4) How do we play nicely with 2.11, because with a very high probability we won't be ready by 2.11 code freeze (mid September)? Imho, the only thing to make sure here is aligning q"..." in paradise and q"..." in trunk. If we decide that hygiene should be the default, we should rename trunk's q/tq/cq/pq into something like uq/utq/ucq/upq to signify that they are unhygienic to make sure that we don't break people's code afterwards.
[1] https://groups.google.com/d/msg/scala-language/C7Pm6ab1sPs/-Sm4Pkz3O9EJ
[2] https://github.com/scalamacros/scalamacros.github.com/blob/master/paperstalks/2012-09-10-CandidacyExamPaper.pdf
[3] http://www.haskell.org/pipermail/template-haskell/2004-February/000250.html
[4] http://research.microsoft.com/~simonpj/tmp/notes2.ps
Cheers,
Eugene
--
You received this message because you are subscribed to the Google Groups "scala-language" group.
To unsubscribe from this group and stop receiving emails from it, send an email to scala-languag...@googlegroups.com.
For more options, visit https://groups.google.com/groups/opt_out.
I just had an idea: If you want hygiene, why not write:tq"""$Enum[$className]"""
?
You can write code like ...
tq"""Enum[$className]"""
... but if you want to be really sure that things don't break if people define their own Enum class in scope, one better does:
tq"""_root_.java.lang.Enum[$className]"""
... but that gets pretty verbose and tedious, so one refactors it a bit:
val Enum = "_root_.java.lang.Enum"
tq"""$Enum[$className]"""
But this causes:
[error] exception during macro expansion:
[error] java.lang.AssertionError: assertion failed: "java.lang.Enum"
[error] at scala.reflect.internal.Trees$AppliedTypeTree.<init>(Trees.scala:481)
[error] at scala.reflect.internal.Trees$AppliedTypeTree$.apply(Trees.scala:478)
[error] at scala.reflect.internal.Trees$AppliedTypeTree$.apply(Trees.scala:486)
Ouch. Of course, that's the right way to do it:
val Enum = Select(Select(Ident(newTermName("java")), newTermName("lang")), newTypeName("Enum"))
Now I suddenly have to care about TermNames vs. TypeNames again!
I think we have two issues here with the current situation:
- The "easy" way is extremely fragile and one gets no warning about it
- Doing it "correctly" (fully-qualified names, no duplication) is a lot more verbose and invalidates one of the key features of quasi-quotes: Not having to mess with TermNames vs. TypeNames.
I think it is pretty unfortunate that the wrong way is easy, readable and concise while the right way is more complicated and verbose.
I really wonder why it breaks down so fast ... if string interpolators can figure out what's a type and what's a term in ...
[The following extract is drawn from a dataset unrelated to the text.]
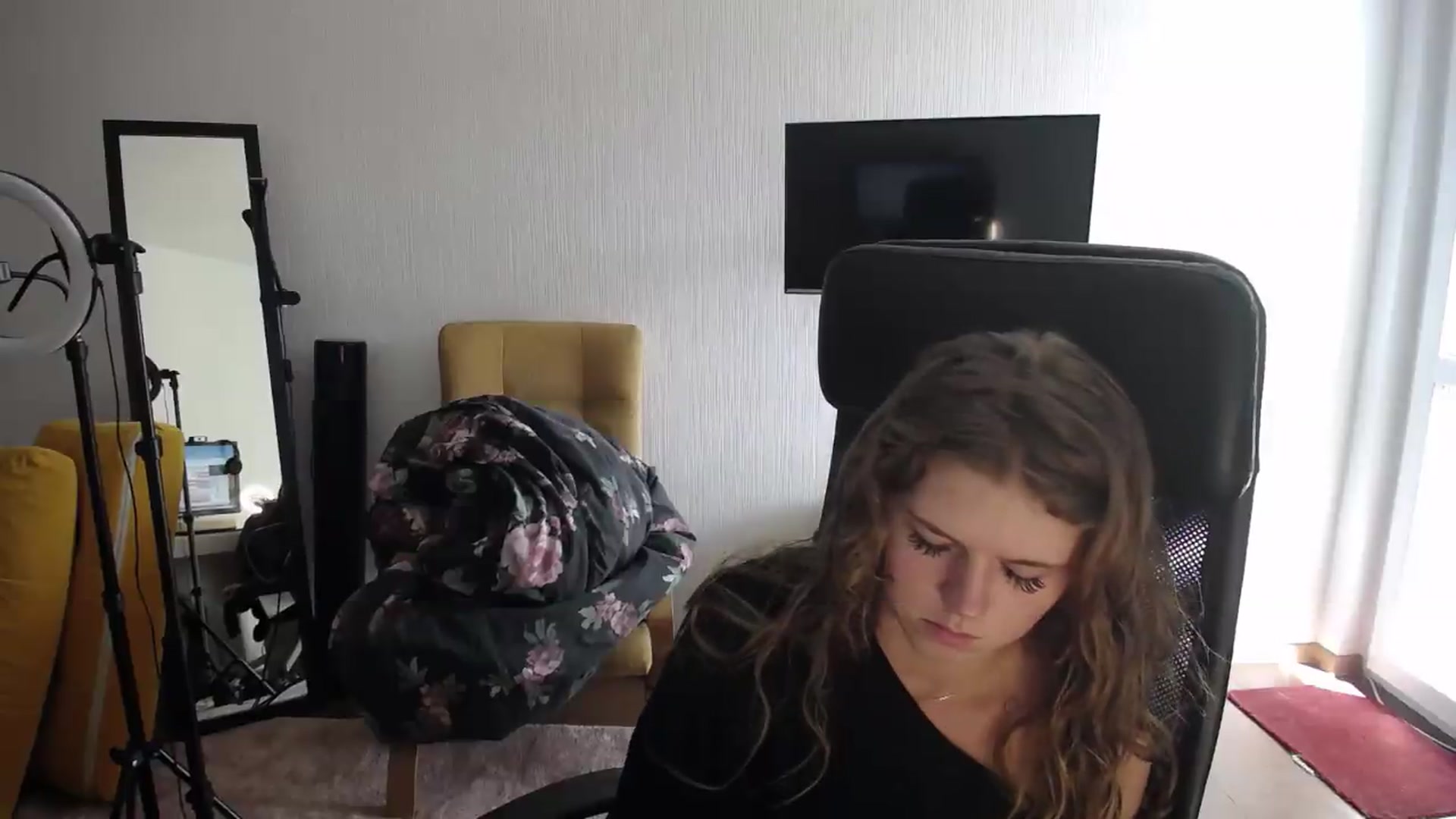 Gallery image thumbnail from Iness_lex's myfreecams stream on, 09/01/2026, 13:04 image 18 of 20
tq"""_root_.java.lang.Enum[$className]"""
I really wonder why they can't do it for ...
val Enum = "_root_.java.lang.Enum"
tq"""$Enum[$className]"""
The problem is that in your example the string gets silently promoted to Literal(Constant("...")), and then the compiler tries to apply a type argument to it, which doesn't make sense.
To be honest, I'm proud of Scala starting to enforce some tree invariants. In good old days, this would probably crash much later, somewhere in-between mixin and erasure. Maybe in refchecks :)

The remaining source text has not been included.